Visitors who come to Greendale for the first time often compare the village to a scene from a Normal Rockwell painting — a peaceful community with quaint shops, modest homes, and a white, wooden gazebo in the middle of downtown.
But don't expect to see a sculpture of the famous American artist erected in the Village Center any time soon, at least not on Village property.
That's because the Greendale Planning Commission Wednesday rejected an application from Grandhaven LLC. to erect a Norman Rockwell sculpture on village property.
A number of commissioners questioned the placement and the historical significance of Norman Rockwell in Greendale.
"Norman Rockwell wasn’t born here, he didn’t live here, and he didn’t paint a painting of Greendale."
The sculpture of the 20th Century painter would have been placed on village property near the intersection of Northway and Broad Street. Paid entirely by Grandhaven, the sculpture would have been a replica of the one that can be found inside the Greendale Visitor Center.
Grandhaven is the landlord of the Village Center shops and is owned by Roy Reiman. Reiman is the founder of Reiman Publications and has been credited many times for restoring the vitality of the Village Center 15 years ago.
Village President John Hermes says while he appreciates Grandhaven’s gesture and supports the statue, he does not want it on village property.

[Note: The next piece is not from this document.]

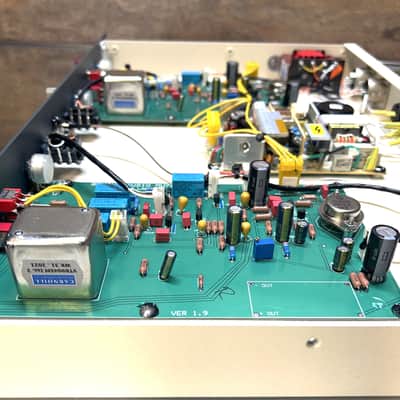 Revive Audio: M72, British style, No Compromise, Dual channel, Neve Reproduction, Carnhill Transformers! image 4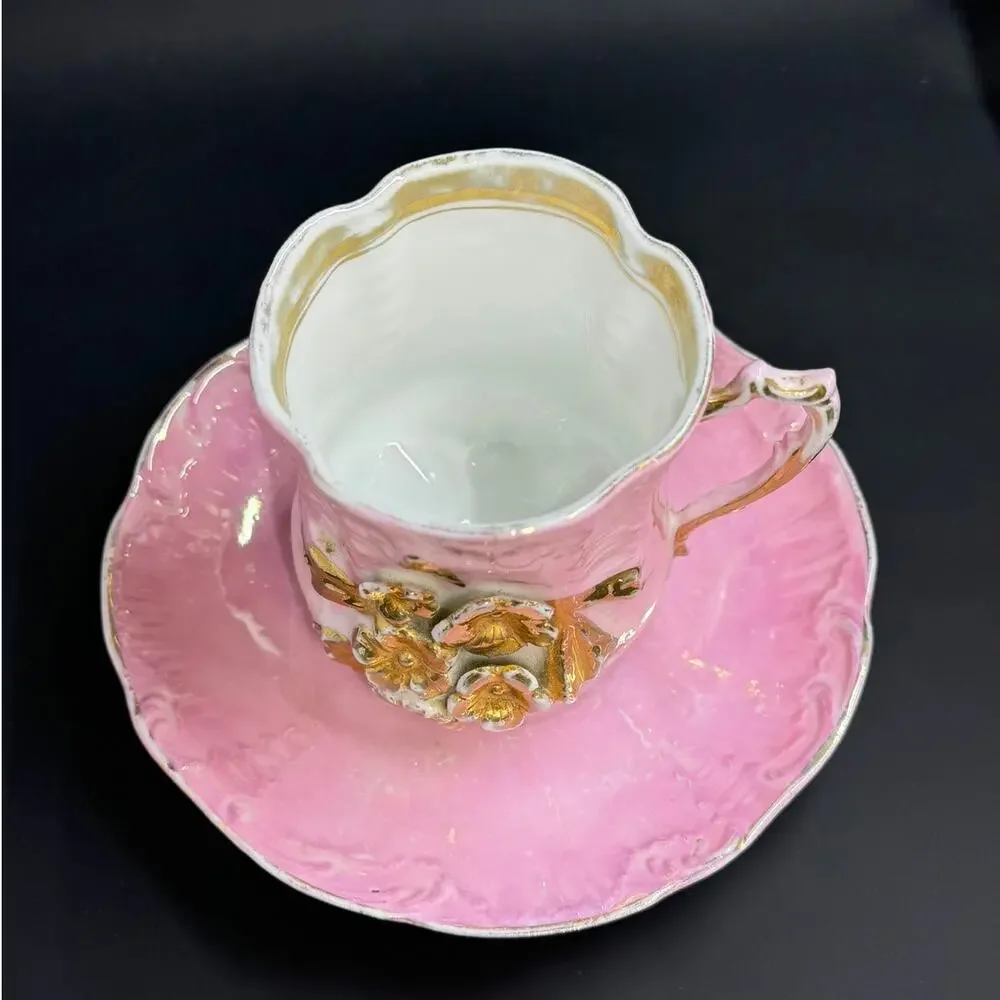 Tea‎ Cup and Saucer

“I don’t support it on village right-of-way,” Hermes. “The main reason is the historical significance of Norman Rockwell to this community. I would say that if we were going erect a statue, it should be of Franklin D. Roosevelt or Eleanor Roosevelt, or even Roy Reiman himself, who has played a significant role. No one can argue with that...Norman Rockwell wasn’t born here, he didn’t live here, and he didn’t paint a painting of Greendale.”
Trustee Sally Chadwick said she was in favor of it because she saw it as art.

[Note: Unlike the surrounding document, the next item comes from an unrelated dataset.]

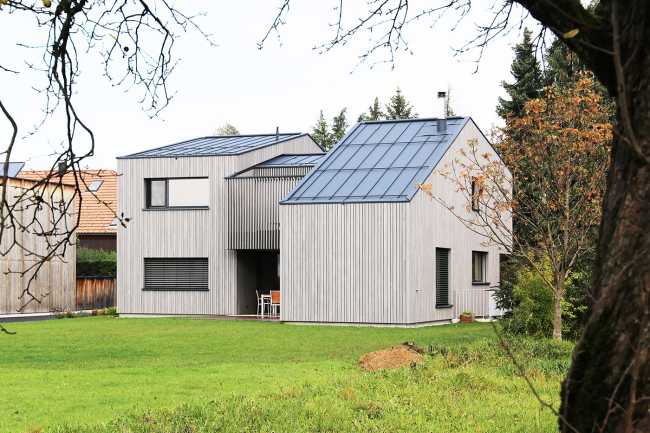 House 1+1+1=1. Heights, light and wood design the house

Others were concerned that its placement on an already visually busy intersection could serve as an additional distraction for drivers.
“I’m uncomfortable with it,” said Commissioner Bernard Schroedl. “I don’t think we need anymore distractions in the village. This particular corner is a distraction. The accident here to two years… we were there. We just don’t need something down there.”
Schroedl was referring to 5-year-old Ava Zimmerman who was hit and killed by car in 2010.
Village Manager Todd Michaels and Director of Inspection Services Scott Satula said it’s not truly a hazard to traffic, but it can be a distraction people might look at, similar to a sign.
Commissioners suggested moving the location to a Grandhaven property where it would not be a distraction for drivers.
Grandhaven Manager Anne Marie Pierce said the idea came forth when people coming to the Greendale Visitors Center asked why the statue wasn’t outside on Broad Street.
Other commissioners said people might not even know who is Norman Rockwell.
“Visitors tend to know it’s Norman Rockwell because we are marketing in all the information sent out that we are like a Norman Rockwell town,” Pierce said.
Pierce also said the statue would have been an added element of interest. Moving it to another location would not have the same “wow impact” for visitors coming into the Village Center.
“The benefactor of the statue, the person paying for it, loves Norman Rockwell,” Pierce said. “So it would be a gift to the village and it would have also been something he enjoys. It’s like I said, it’s already inside and we were just trying to bring it outside so people could enjoy it.”
The Planning Commission voted 6-1 against the sculpture in that particular location, with Chadwick voting in favor.
Grandhaven could come back with a new location for the sculpture.
Even though the comission rejected the application in its current placement Michaels said in an email, "The application will be further discussed at the July 5th Village Board meeting, at which time the Village Board will consider the request and take final action."